EXERCISE OBJECTIVE => Would you transcribe only the lines from the one holding "2022. 150 лет" through the end of the material, exactly, without any pictures?

EXTRACTED ENTRIES =>
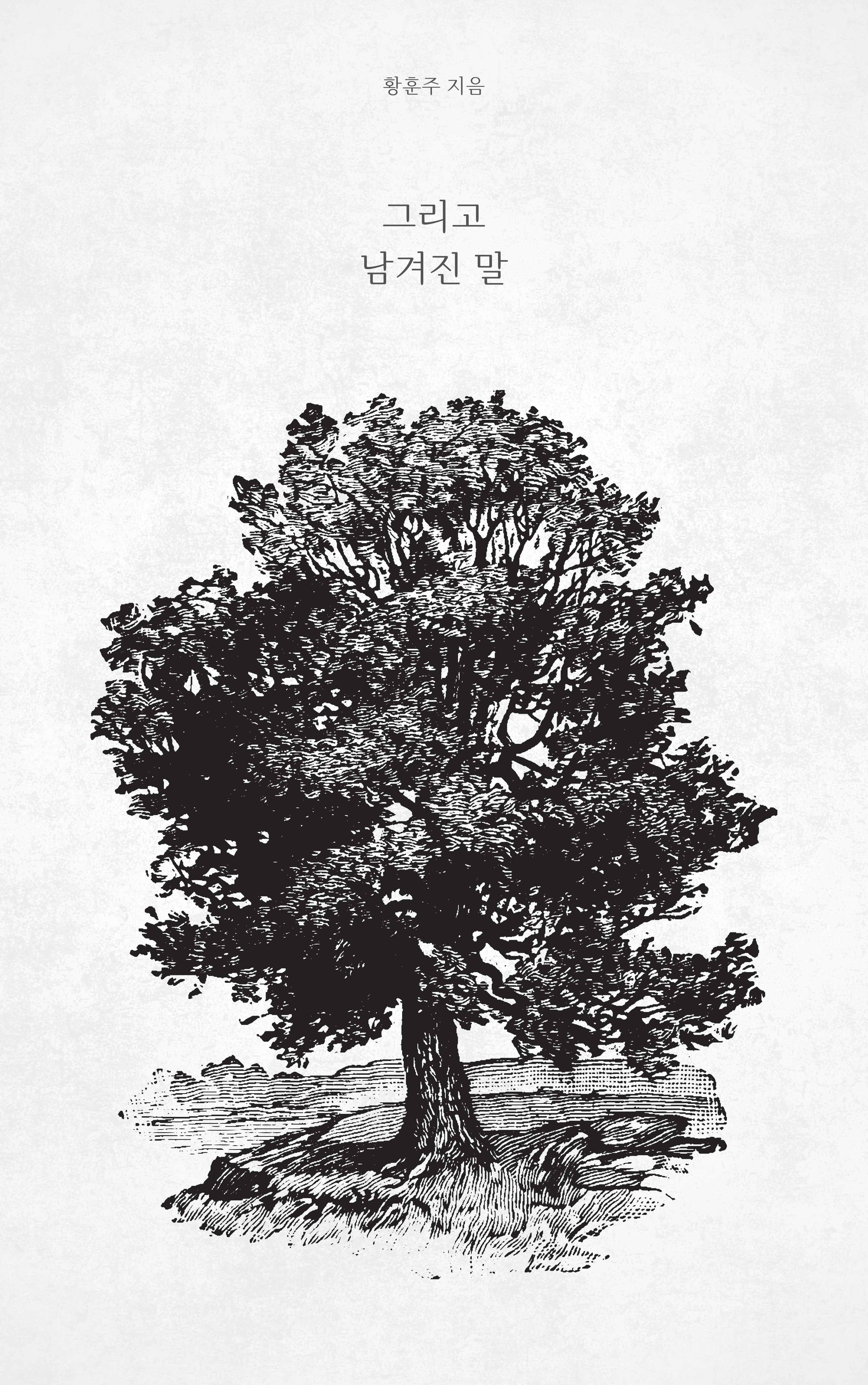 황훈주 sub 1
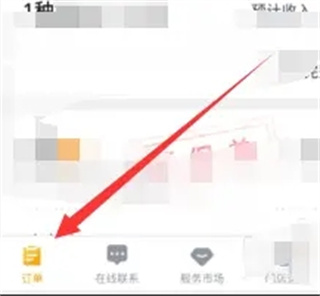 美团外卖商家版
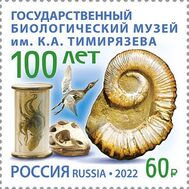  2022. 150 лет Государственному биологическому музею имени К.А. Тимирязева, фото 1 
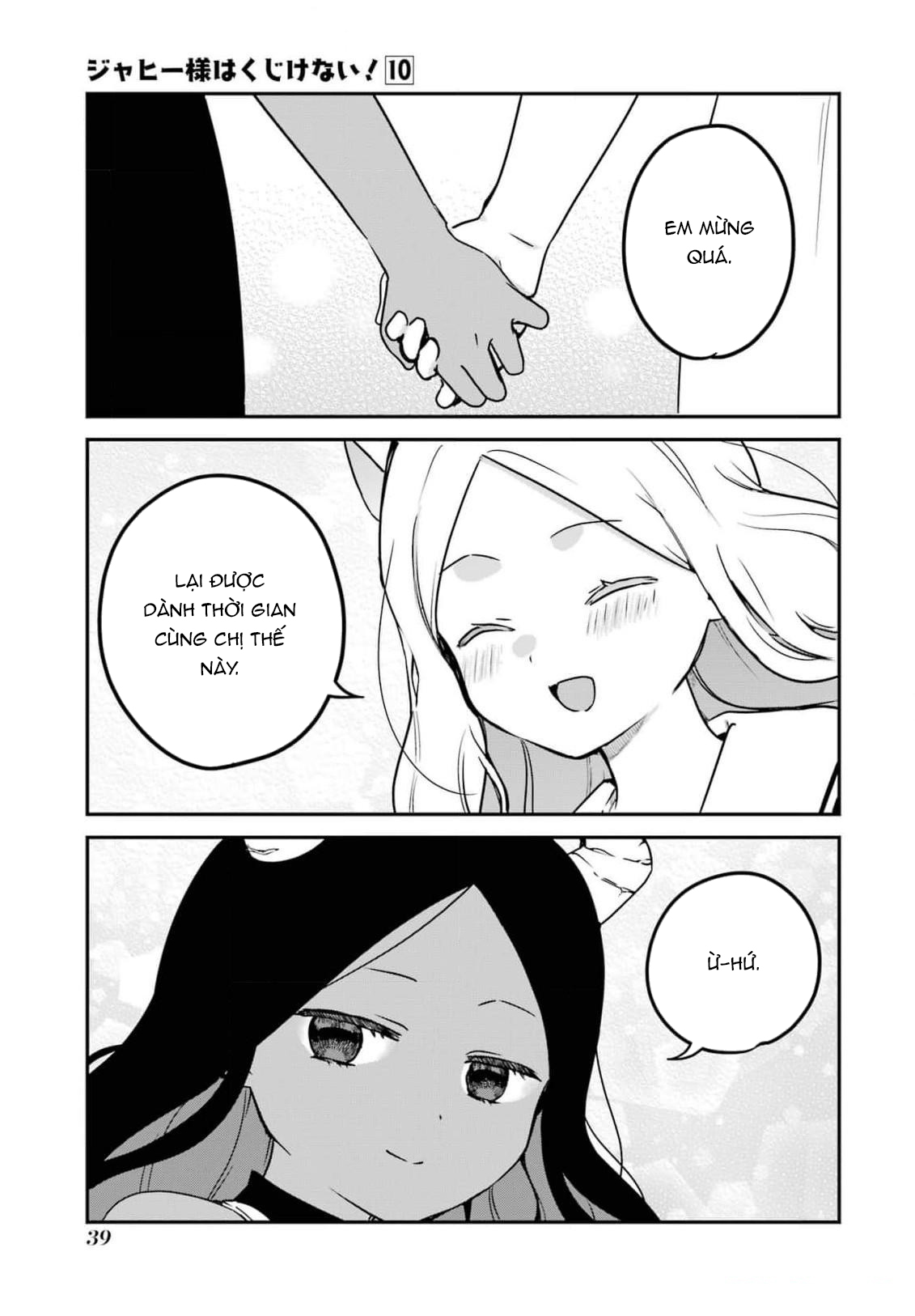 ページ 1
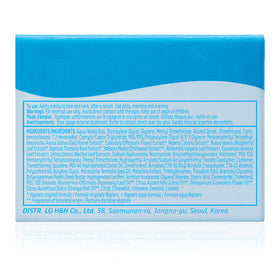 belif Aqua Bomb Gel Moisturizer opened with gel visible
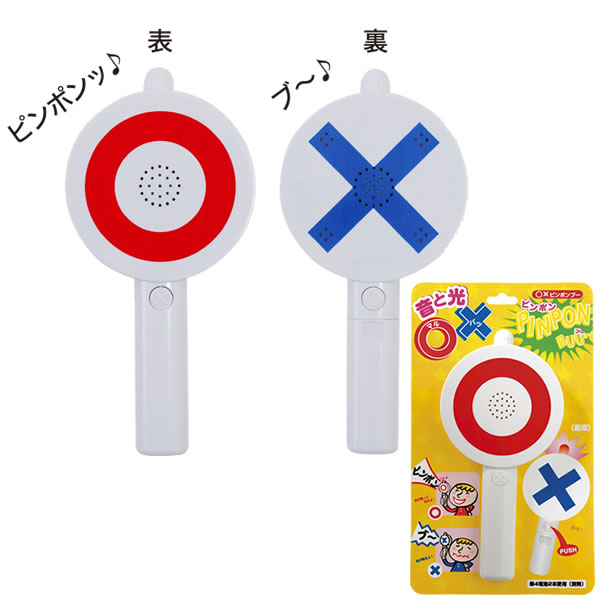 楽天市場】クイズ ○の通販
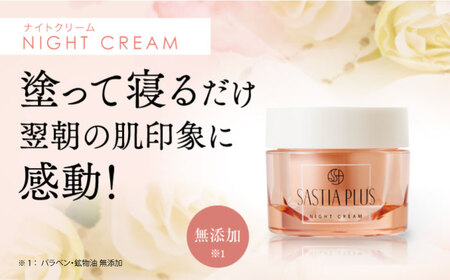 【2個入】サスティア プラス ナイトクリーム 糸島市 / 株式会社ピュール 夜用 クリーム [AZA205]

TASK OUTPUT =>
  2022. 150 лет Государственному биологическому музею имени К.А. Тимирязева, фото 1 
 ページ 1
 belif Aqua Bomb Gel Moisturizer opened with gel visible
 楽天市場】クイズ ○の通販
 【2個入】サスティア プラス ナイトクリーム 糸島市 / 株式会社ピュール 夜用 クリーム [AZA205]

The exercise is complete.